Extracted information below:

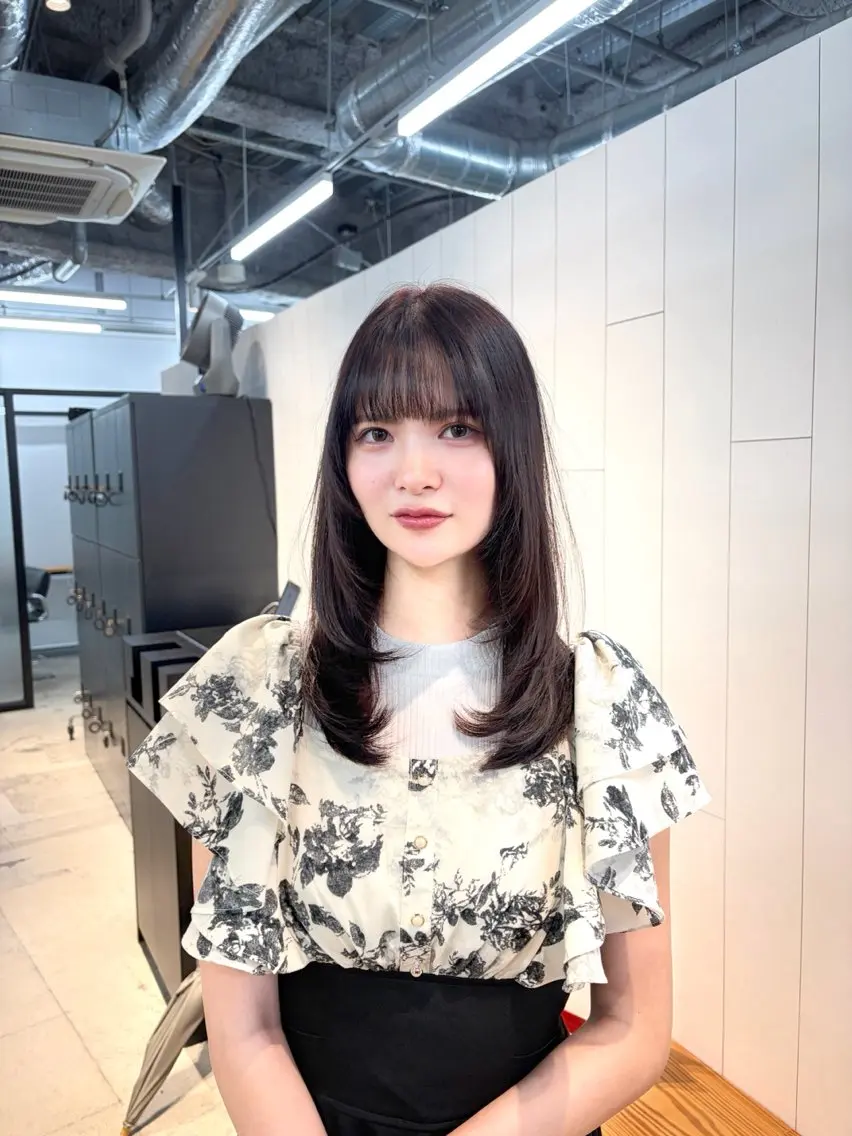 ロング カラー パーマ カット ヘアカラー 縮毛矯正 トリートメント ボブ/縮毛/レイヤー モトナリのヘアスタイル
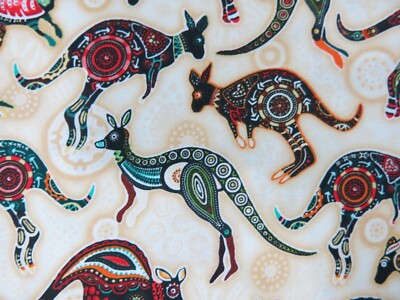 Oasis Gondwana Kangaroos on Tan Cotton Fabric for Quilting Crafting, 18'' x 42''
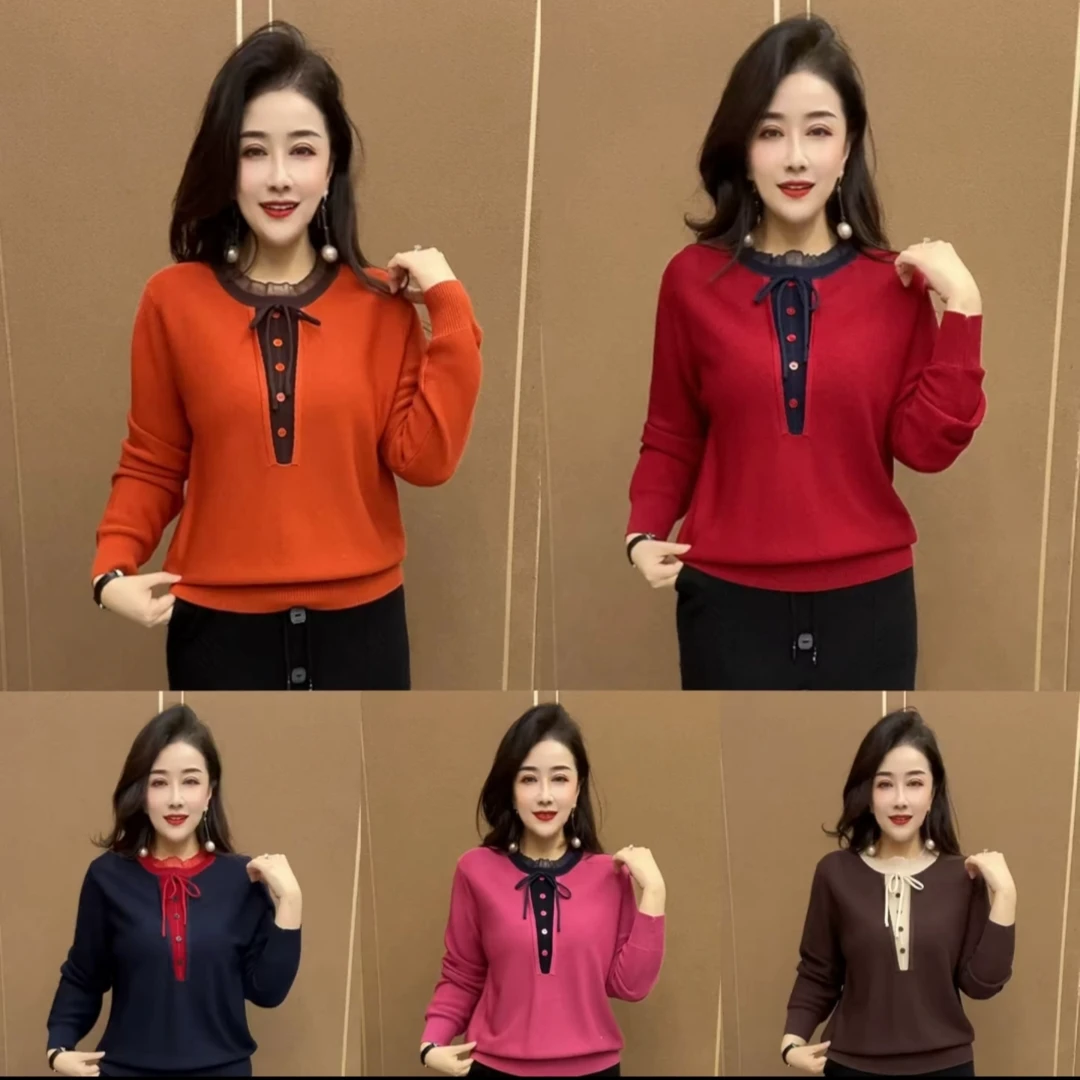 WM时尚撞色搭配显瘦款焦麻针织衫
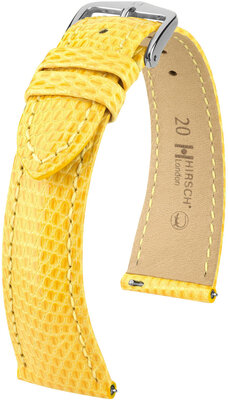 Courroie en cuir Hirsch London L 04366072-2, jaune, cuir de lézard, longueur L, Quick Release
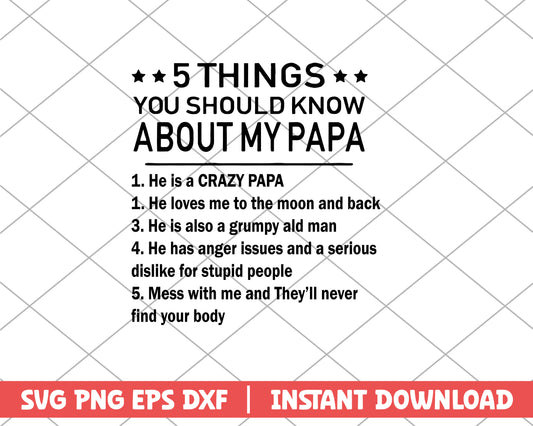 5 thing you should know about my papa mothers day svg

End of Extracted information.

• **What is expected**:
Counting both ends, reproduce word for word the lines from the line with "WM时尚撞色搭配显瘦款焦麻针织衫" to the final line of the listing above, skipping every picture.

• **Written response**:
 WM时尚撞色搭配显瘦款焦麻针织衫
 Courroie en cuir Hirsch London L 04366072-2, jaune, cuir de lézard, longueur L, Quick Release
 5 thing you should know about my papa mothers day svg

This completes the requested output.